## TO DO
Exact copy without images: repeat every entry as written.

## INPUT MATERIAL
--------------------------------

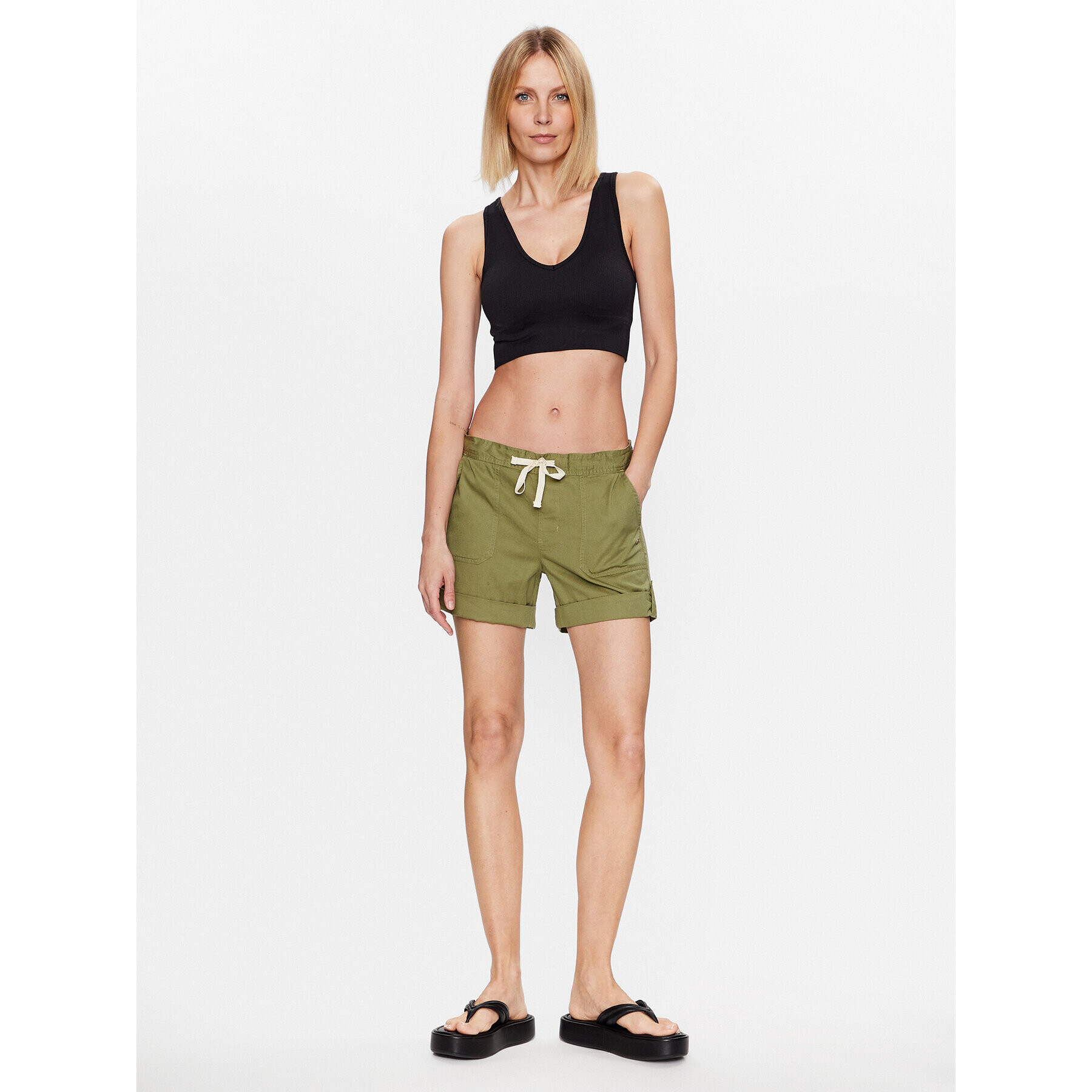 Roxy Шорти от плат Life Is Sweeter ERJNS03389 Зелен Regular Fit - Pepit.bg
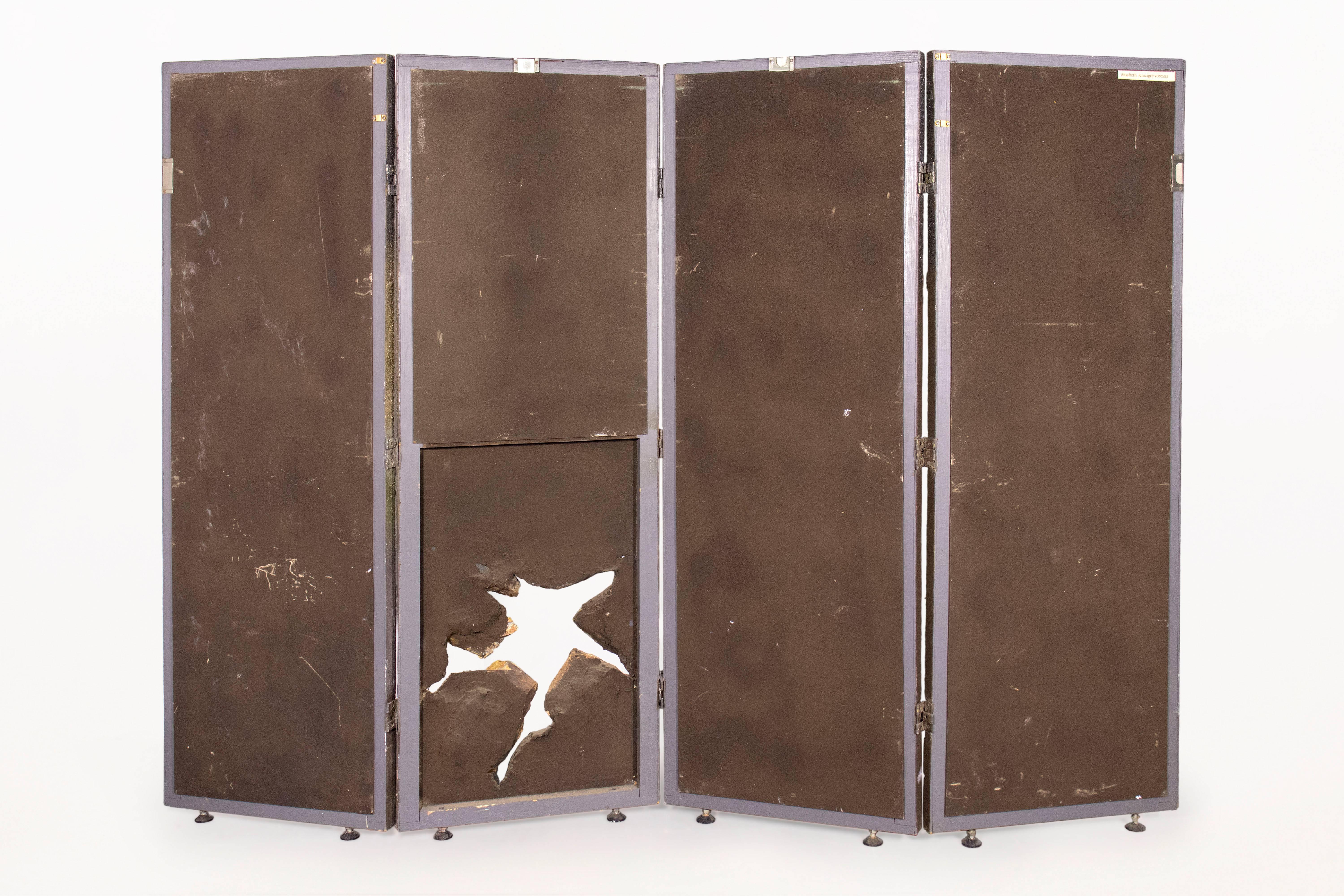 Amethyst, Mika and slate four-panel screen by Elisabeth Lemaigre-Voreaux
Very original design with her characteristic hole in the third panel
Design for Hermes.
Signed
circa 1970, France
Very good vintage condition.
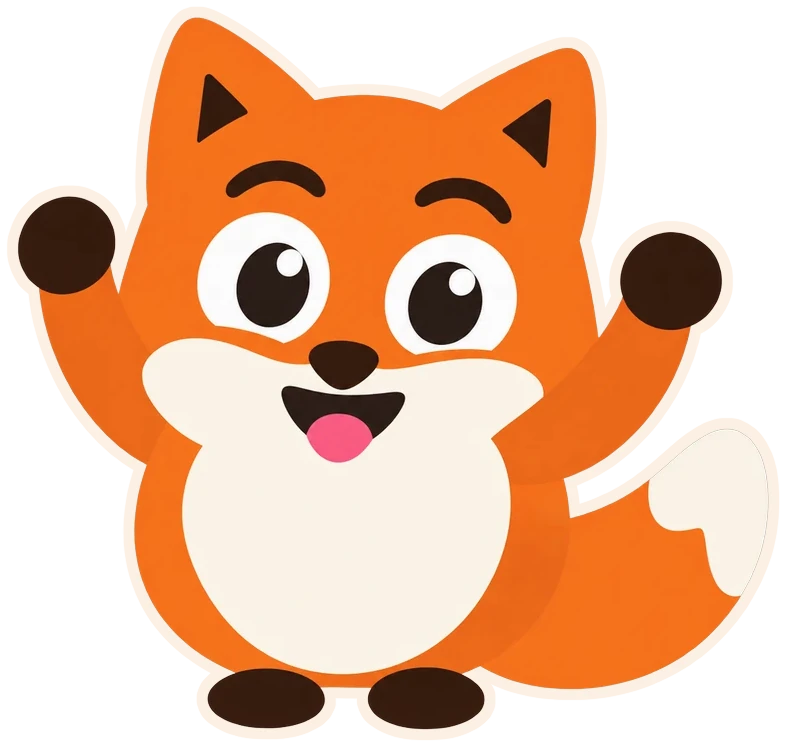 The fox from ToolboxFox, cheering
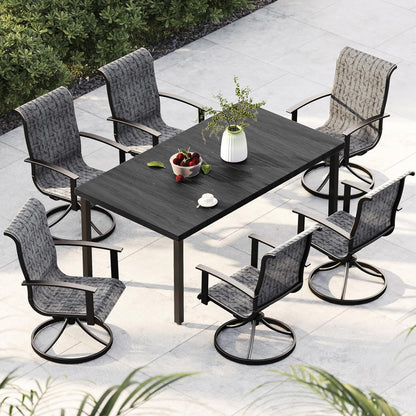 Grand patio Outdoor Swivel Dining Chairs 6-Piece Patio Dining Chair Set Mesh Sling Patio High Back Swivel Rockers, Black & Grey Plaid
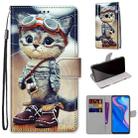 For Huawei P smart Z / Y9 Prime Coloured Drawing Cross Texture Horizontal Flip PU Leather Case with Holder & Card Slots & Wallet & Lanyard(Leather Shoes Cat) - 1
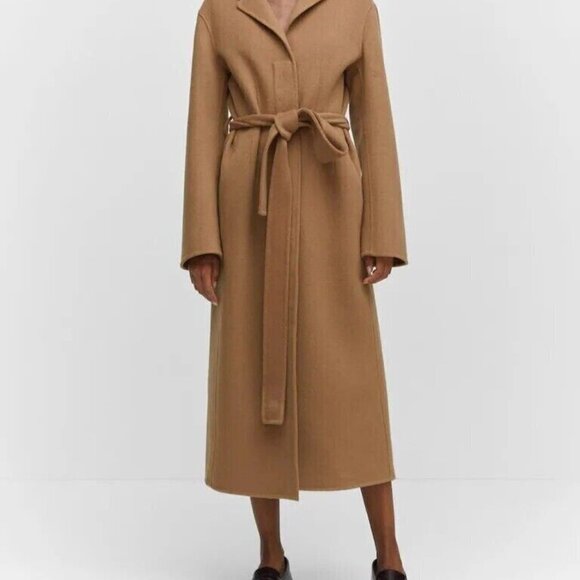 Mango Wool coat with handmade belt Medium Brown Women's Size XS 57006721 - Picture 2 of 12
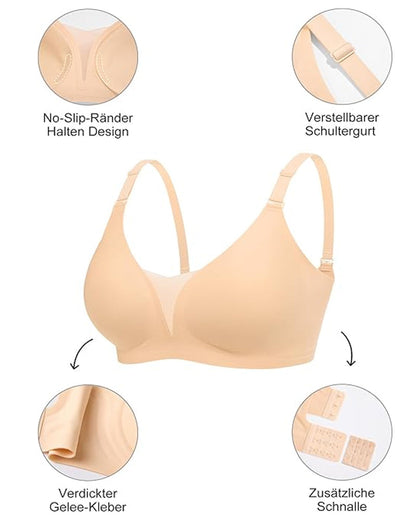 V-neck Comfortable Breathable Seamless Wire-free Push-up Mesh Bra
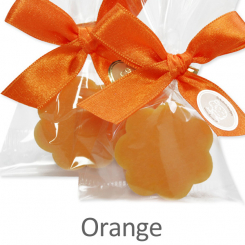 Sheep milk soap flower 20g, in a cellophane, Orange 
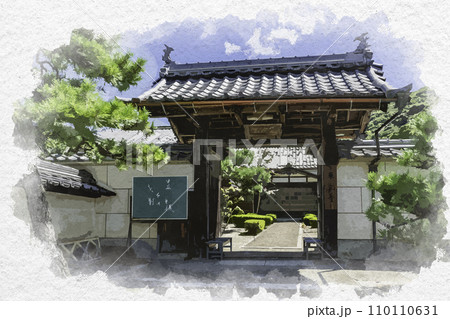 水彩画風 小浜 東光寺 福井県小浜市 水彩画風 小浜 東光寺 福井県小浜市 110110631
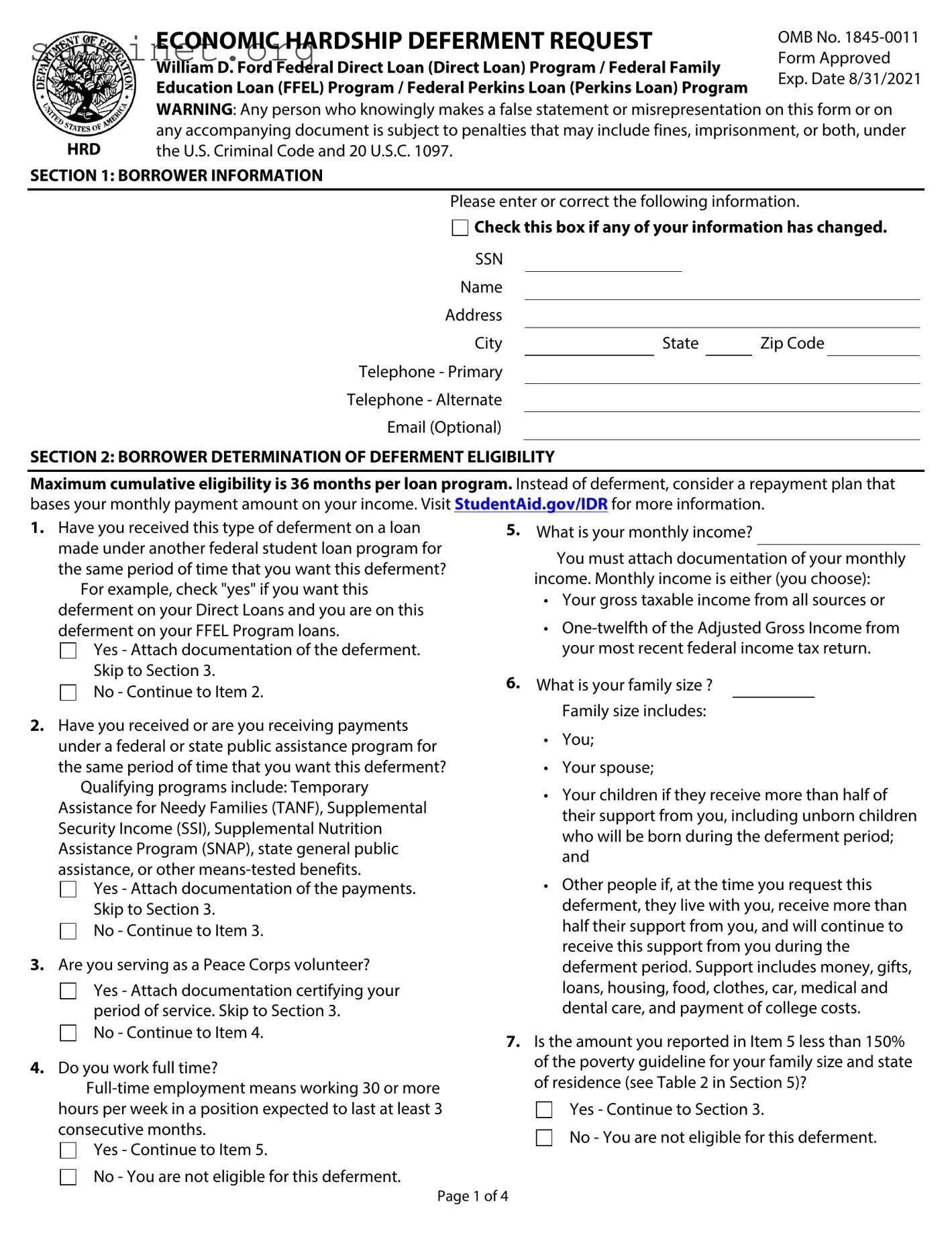 Blank Federal Loan Economic Hardship Request Template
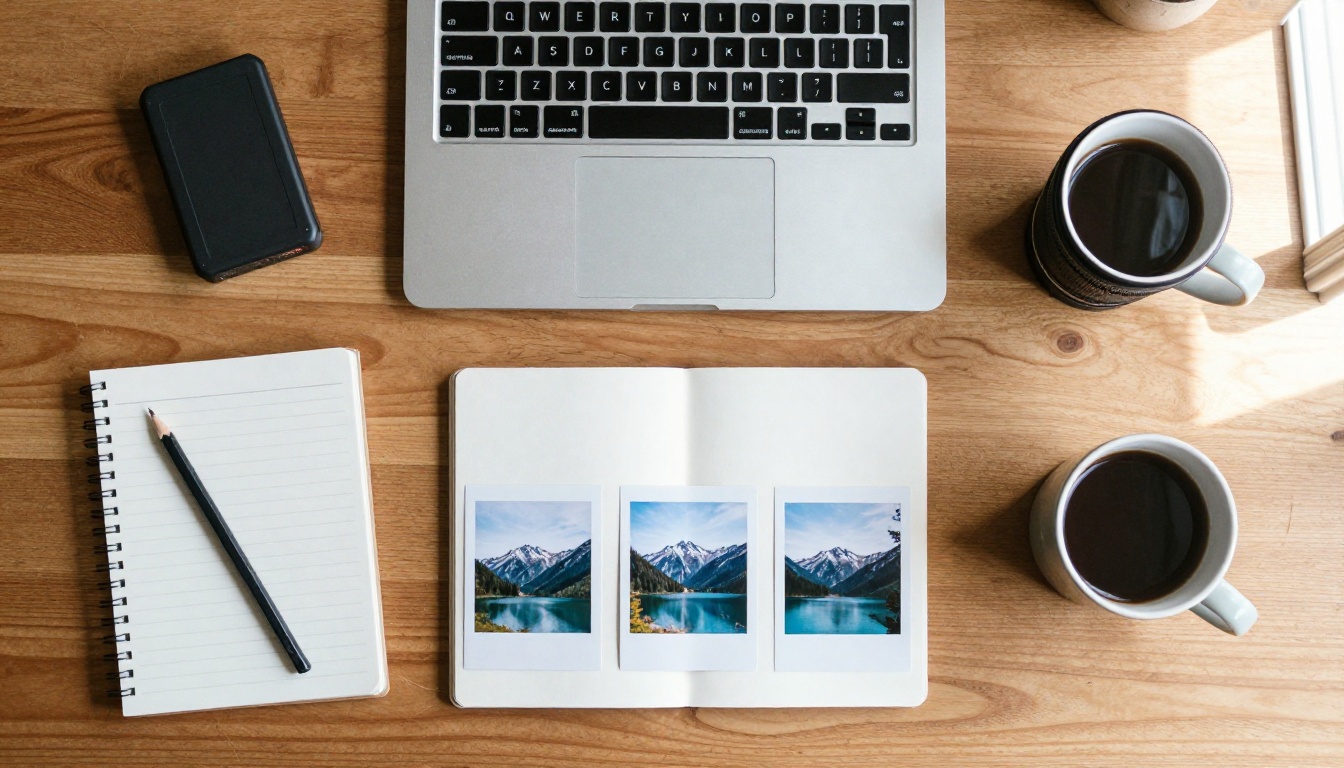 Overhead view of a photographer's walnut desk with a laptop, external drive, small prints and a coffee mug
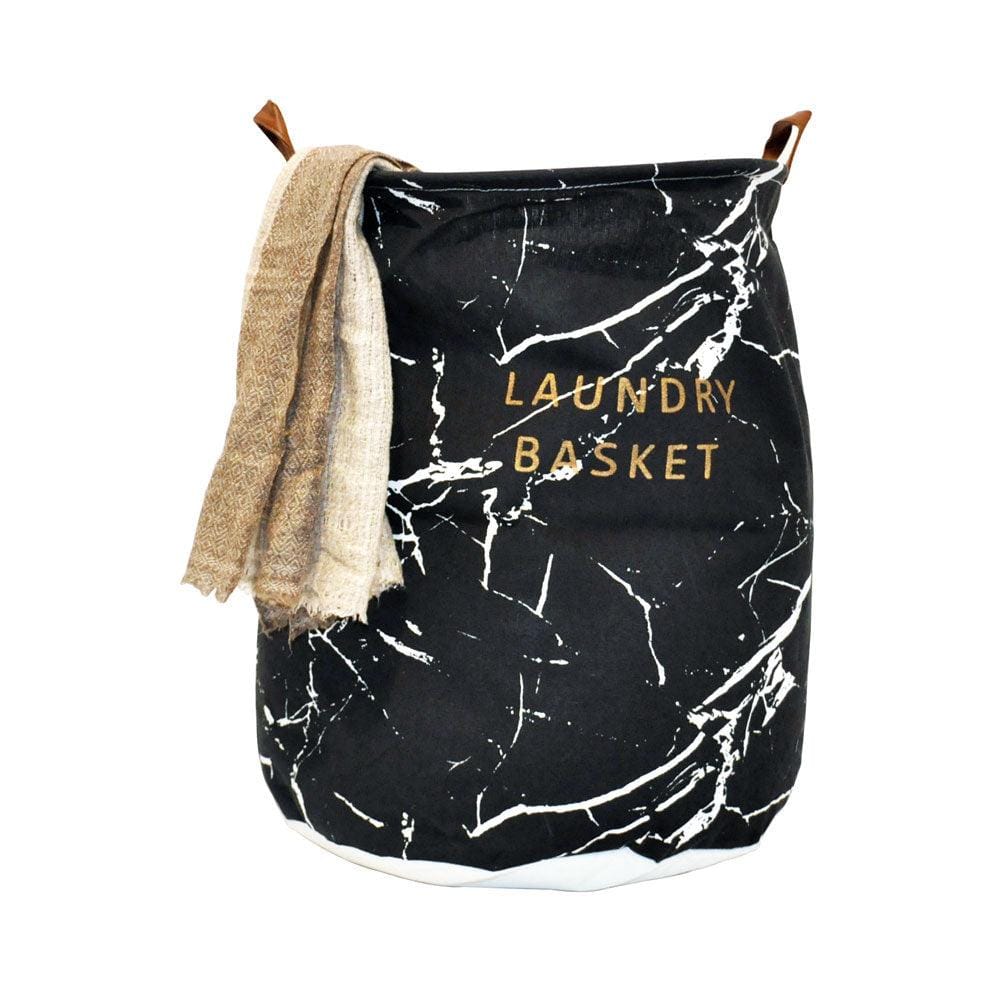 Classy Black with Random White Streaks Laundry Basket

--------------------------------

## SOLUTION TO THIS PROBLEM
 Roxy Шорти от плат Life Is Sweeter ERJNS03389 Зелен Regular Fit - Pepit.bg
 Amethyst, Mika and slate four-panel screen by Elisabeth Lemaigre-Voreaux
Very original design with her characteristic hole in the third panel
Design for Hermes.
Signed
circa 1970, France
Very good vintage condition.
 The fox from ToolboxFox, cheering
 Grand patio Outdoor Swivel Dining Chairs 6-Piece Patio Dining Chair Set Mesh Sling Patio High Back Swivel Rockers, Black & Grey Plaid
 For Huawei P smart Z / Y9 Prime Coloured Drawing Cross Texture Horizontal Flip PU Leather Case with Holder & Card Slots & Wallet & Lanyard(Leather Shoes Cat) - 1
 Mango Wool coat with handmade belt Medium Brown Women's Size XS 57006721 - Picture 2 of 12
 V-neck Comfortable Breathable Seamless Wire-free Push-up Mesh Bra
 Sheep milk soap flower 20g, in a cellophane, Orange 
 水彩画風 小浜 東光寺 福井県小浜市 水彩画風 小浜 東光寺 福井県小浜市 110110631
 Blank Federal Loan Economic Hardship Request Template
 Overhead view of a photographer's walnut desk with a laptop, external drive, small prints and a coffee mug
 Classy Black with Random White Streaks Laundry Basket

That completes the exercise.